Zorrino decides to stay with the Inca while Tintin, Haddock and Calculus return to Europe safe and sound.


  • And You Thought It Was a Game: Calculus spends the ordeal believing this is part of some sort of movie shoot.
  • Bears Are Bad News: Captain Haddock finds a nice cave to sleep in up in the Andes, only to find that it's the home of a vicious-looking bear. His expression upon being tapped on the shoulder by the bear is priceless.
  • Cave Behind the Falls: The entrance to the Temple is inside one.
  • Convenient Eclipse: Oddly enough, the Incas do not know about the impending eclipse, despite worshipping the sun and having covert contact with the modern world.
  • Everything's Better with Llamas: A Running Gag concerns Haddock's poor affinity with llamas.
  • Hidden Elf Village: The Incas live at the Temple of the Sun, hidden deep in the Andes Mountains of Peru. They do interact covertly with the non-Incan Peruvians, but are otherwise intent upon keeping their continued existence a secret to the world.
  • Kidnapping Bird of Prey: Snowy is captured and taken away by a condor, so Tintin goes off to rescue him.
  • Mayincatec: The Incas are portrayed rather sympathetically, as even though they try to sacrifice the heroes, their interactions with outsiders have rarely been positive. Oh, and they suck at astronomy, as a plot point. On the whole Hergé, who got a lot of his information from National Geographic does not mix up the Inca with the Maya except with reference to the prophetic inscription mentioning the retribution that will befall the violators of Rascar Capac's tomb, which plays a large part in The Seven Crystal Balls. The Incas, unlike the Mayas and Aztecs, had no system of writing. The original version of The Seven Crystal Balls, serialized in Le Soir, also contained a lead disc with symbols "resembling Aztec or Inca signs", but Hergé excised the panel that showed it and texts that mentioned it when the album version was produced.
  • Misplaced Wildlife: Alligators appear in this album, even though crocodiles would be more accurate. The bear also does not resemble the spectacled bear (the only kind found in South America).
  • Modern Mayincatec Empire: The Incas are an unusual variant in that they don't directly rule Peru, but the non-Incan Peruvians are scared enough of them that the Peruvians will do whatever they say.
  • The Savage Indian: Subverted to hell and back in The Seven Crystal Balls and this volume.
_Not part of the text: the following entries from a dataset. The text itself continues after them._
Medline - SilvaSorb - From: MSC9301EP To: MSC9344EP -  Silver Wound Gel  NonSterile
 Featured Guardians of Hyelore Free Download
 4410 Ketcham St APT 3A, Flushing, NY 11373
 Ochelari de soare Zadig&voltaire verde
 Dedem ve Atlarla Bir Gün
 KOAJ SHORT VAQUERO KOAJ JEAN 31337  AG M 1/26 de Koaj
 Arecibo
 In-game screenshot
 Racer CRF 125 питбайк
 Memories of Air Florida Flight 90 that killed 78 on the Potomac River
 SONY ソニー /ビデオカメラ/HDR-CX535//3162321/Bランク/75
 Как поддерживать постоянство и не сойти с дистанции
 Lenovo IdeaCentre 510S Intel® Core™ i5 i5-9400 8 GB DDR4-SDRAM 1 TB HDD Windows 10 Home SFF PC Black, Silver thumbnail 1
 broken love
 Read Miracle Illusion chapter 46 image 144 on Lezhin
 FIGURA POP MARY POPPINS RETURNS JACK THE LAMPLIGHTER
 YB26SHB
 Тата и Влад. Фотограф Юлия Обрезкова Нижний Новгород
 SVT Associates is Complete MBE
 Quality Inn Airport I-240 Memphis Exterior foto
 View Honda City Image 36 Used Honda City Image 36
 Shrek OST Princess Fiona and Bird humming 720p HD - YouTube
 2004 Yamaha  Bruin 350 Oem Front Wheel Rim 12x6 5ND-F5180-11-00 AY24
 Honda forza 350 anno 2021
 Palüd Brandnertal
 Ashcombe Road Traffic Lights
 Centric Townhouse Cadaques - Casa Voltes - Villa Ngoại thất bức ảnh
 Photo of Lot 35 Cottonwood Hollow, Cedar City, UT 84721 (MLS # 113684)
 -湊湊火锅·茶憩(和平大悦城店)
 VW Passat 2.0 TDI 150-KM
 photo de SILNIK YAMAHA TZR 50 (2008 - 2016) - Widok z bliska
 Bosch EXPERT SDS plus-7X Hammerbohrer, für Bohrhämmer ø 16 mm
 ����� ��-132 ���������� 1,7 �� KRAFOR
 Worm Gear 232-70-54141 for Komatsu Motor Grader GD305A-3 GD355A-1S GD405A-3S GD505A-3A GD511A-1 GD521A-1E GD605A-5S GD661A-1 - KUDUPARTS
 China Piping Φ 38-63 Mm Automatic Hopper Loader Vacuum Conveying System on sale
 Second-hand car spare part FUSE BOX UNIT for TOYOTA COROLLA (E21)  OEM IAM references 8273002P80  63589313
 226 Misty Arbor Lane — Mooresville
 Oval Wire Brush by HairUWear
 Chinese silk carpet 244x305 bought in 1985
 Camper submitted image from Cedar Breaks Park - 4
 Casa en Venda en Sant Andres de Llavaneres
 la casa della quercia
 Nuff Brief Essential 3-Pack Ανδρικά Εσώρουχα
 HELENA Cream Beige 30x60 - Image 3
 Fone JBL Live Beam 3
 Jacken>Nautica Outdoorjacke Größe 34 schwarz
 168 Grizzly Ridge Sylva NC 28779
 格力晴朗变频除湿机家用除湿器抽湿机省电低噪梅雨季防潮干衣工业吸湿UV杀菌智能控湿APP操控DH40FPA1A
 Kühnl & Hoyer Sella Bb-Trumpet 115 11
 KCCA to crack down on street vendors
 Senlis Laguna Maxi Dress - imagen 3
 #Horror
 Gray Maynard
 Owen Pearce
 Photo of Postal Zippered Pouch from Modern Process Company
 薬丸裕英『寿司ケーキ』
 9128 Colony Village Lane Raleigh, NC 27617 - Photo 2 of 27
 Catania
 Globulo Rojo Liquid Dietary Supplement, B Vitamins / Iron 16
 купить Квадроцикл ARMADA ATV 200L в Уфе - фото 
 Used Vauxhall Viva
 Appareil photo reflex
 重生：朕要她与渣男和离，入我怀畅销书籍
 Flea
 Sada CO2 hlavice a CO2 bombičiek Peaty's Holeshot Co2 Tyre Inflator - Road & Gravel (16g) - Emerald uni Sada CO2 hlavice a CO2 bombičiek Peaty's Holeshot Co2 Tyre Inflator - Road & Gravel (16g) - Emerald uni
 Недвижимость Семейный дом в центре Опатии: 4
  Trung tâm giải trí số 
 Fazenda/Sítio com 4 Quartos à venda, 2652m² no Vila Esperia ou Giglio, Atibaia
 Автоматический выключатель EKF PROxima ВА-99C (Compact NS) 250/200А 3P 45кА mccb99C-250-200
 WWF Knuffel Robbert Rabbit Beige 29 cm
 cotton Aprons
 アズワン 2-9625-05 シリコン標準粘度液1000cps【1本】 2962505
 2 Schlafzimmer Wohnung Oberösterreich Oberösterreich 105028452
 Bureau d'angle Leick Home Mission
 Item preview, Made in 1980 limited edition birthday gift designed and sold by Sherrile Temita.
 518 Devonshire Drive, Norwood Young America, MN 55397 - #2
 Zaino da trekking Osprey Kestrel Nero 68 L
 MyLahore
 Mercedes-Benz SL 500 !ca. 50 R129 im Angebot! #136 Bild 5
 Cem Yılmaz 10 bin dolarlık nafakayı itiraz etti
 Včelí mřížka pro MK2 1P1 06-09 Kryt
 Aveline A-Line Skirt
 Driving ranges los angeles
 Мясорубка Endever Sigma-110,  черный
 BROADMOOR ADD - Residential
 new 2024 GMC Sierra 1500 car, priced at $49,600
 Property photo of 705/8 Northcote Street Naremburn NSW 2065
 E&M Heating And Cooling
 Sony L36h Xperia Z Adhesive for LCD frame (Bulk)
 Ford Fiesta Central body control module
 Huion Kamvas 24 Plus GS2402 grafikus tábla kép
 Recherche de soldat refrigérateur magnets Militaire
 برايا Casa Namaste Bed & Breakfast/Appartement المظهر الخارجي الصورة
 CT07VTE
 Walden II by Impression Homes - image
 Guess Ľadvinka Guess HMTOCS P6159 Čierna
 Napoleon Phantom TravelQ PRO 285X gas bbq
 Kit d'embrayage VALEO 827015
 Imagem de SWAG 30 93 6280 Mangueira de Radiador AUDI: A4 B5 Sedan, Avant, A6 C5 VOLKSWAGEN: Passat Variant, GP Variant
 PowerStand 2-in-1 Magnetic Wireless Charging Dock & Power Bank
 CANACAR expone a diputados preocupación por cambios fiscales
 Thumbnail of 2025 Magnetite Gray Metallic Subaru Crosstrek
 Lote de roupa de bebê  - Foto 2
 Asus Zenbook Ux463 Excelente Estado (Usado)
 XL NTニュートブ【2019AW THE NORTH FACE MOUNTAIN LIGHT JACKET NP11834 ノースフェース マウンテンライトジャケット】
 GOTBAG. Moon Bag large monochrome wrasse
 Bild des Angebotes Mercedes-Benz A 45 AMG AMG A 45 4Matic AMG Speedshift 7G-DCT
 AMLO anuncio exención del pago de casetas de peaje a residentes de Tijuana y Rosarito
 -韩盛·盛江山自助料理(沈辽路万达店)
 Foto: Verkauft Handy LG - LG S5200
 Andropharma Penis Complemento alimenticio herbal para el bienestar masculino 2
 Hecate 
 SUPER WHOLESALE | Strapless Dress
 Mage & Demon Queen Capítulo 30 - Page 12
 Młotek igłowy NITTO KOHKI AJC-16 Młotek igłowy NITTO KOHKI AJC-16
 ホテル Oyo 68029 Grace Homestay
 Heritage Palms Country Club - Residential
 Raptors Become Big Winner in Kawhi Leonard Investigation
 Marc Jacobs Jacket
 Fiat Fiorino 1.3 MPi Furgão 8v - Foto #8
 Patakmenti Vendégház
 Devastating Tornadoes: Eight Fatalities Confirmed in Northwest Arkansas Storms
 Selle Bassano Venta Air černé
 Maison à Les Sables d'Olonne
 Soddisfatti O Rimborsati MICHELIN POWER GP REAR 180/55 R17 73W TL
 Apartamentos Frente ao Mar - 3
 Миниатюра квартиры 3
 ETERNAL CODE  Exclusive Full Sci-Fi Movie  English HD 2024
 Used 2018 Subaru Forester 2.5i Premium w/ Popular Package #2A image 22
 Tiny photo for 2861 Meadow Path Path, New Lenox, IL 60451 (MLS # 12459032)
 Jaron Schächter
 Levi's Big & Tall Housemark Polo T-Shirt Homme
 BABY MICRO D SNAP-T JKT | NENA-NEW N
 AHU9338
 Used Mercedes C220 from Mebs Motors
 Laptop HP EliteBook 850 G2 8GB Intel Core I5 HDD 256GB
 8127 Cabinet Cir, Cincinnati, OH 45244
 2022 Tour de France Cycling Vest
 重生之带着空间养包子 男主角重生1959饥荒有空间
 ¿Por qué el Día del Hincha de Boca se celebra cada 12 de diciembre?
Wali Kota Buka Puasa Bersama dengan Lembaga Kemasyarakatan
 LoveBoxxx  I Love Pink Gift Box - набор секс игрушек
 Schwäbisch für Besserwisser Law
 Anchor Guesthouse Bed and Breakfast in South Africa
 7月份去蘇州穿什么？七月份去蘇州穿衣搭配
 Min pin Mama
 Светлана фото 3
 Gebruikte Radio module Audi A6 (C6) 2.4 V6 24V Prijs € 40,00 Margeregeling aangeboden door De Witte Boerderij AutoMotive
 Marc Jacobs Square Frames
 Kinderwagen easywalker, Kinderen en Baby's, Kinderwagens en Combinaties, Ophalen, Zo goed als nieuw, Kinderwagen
The Incans are arguably the cleverest and most determined antagonists in the entire series, infiltrating Belgian society and outmaneuvering the police to strike at their victims before escaping. Tintin and Captain Haddock only manage to track them down by pure luck, and when they follow the Incas to Peru, they're very nearly killed by the Incas on several occasions. Ultimately, it turns out that they targeted the Belgian archaeologists because they thought that the archaeologists had violated the Incan tombs in search of treasure. When Tintin explains that the archaeologists were only seeking knowledge, the Incas immediately lift the curse.
  • Solar-Powered Magnifying Glass: This is how the Incas plan to light the fire that will burn the protagonists at the stake. It's definitely a case of Artistic License History, since real pre-Columbian cultures would have been very unlikely to resort to such a contrived method of starting a fire.
    • Fridge Brilliance sets in when one considers that the Incas in the story have been covertly interacting with the outside world for decades, if not centuries since the Spanish conquest. They are shown to be sophisticated enough to plan the cursing of the Rascar Capac expedition and Professor Calculus' kidnapping on another continent. Most or all of them know Spanish, since it is highly unlikely that Tintin and Haddock would know Quechua or any similar languages. Therefore it is only logical that the Incas would have adopted the use of the magnifying glass, among other technologies, in their everyday life and ceremonies. All of this of course makes it all the more inexplicable that the Incas would fall for a simple Convenient Eclipse ploy.
  • What You Are in the Dark: When the disguised Incan priest sees Tintin defend an Incan boy from some white bullies, he is impressed enough to help him.